» To do: Output only the lines from the start of the entries through the line holding "Deutsche Geschichte. Vom". Each line must match the original exactly.

» Data listing:
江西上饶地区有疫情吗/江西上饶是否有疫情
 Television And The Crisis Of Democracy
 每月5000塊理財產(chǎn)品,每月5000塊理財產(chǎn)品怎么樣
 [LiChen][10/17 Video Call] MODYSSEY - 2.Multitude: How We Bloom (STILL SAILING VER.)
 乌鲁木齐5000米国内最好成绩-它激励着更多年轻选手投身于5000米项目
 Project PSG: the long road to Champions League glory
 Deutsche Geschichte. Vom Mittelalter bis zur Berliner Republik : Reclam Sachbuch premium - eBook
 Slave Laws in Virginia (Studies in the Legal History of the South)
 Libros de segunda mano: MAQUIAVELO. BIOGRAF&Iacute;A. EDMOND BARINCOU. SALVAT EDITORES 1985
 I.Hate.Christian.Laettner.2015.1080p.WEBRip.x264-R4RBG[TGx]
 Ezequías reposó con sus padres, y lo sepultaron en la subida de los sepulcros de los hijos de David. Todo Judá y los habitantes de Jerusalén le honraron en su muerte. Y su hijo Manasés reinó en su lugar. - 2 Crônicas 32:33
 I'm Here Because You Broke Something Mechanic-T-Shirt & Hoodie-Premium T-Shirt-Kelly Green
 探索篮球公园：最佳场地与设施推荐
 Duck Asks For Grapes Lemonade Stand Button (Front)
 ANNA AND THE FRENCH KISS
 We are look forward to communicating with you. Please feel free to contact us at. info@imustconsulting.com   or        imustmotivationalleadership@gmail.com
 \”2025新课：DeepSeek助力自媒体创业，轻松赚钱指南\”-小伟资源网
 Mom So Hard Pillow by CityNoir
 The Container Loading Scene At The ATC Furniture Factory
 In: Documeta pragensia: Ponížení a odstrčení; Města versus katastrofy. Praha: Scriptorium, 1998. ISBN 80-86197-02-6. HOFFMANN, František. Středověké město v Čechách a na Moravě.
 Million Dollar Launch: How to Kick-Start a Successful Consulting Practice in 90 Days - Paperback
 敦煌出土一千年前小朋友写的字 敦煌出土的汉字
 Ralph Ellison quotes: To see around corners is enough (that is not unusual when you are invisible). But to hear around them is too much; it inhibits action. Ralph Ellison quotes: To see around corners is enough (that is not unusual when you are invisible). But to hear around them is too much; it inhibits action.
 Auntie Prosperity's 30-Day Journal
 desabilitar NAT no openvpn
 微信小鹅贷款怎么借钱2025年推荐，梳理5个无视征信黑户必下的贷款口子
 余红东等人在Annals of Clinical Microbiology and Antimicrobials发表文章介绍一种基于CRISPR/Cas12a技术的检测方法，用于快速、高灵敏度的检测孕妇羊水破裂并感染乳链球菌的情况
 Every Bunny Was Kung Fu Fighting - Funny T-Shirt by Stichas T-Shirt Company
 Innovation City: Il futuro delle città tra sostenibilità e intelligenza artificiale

» Written reply:
江西上饶地区有疫情吗/江西上饶是否有疫情
 Television And The Crisis Of Democracy
 每月5000塊理財產(chǎn)品,每月5000塊理財產(chǎn)品怎么樣
 [LiChen][10/17 Video Call] MODYSSEY - 2.Multitude: How We Bloom (STILL SAILING VER.)
 乌鲁木齐5000米国内最好成绩-它激励着更多年轻选手投身于5000米项目
 Project PSG: the long road to Champions League glory
 Deutsche Geschichte. Vom Mittelalter bis zur Berliner Republik : Reclam Sachbuch premium - eBook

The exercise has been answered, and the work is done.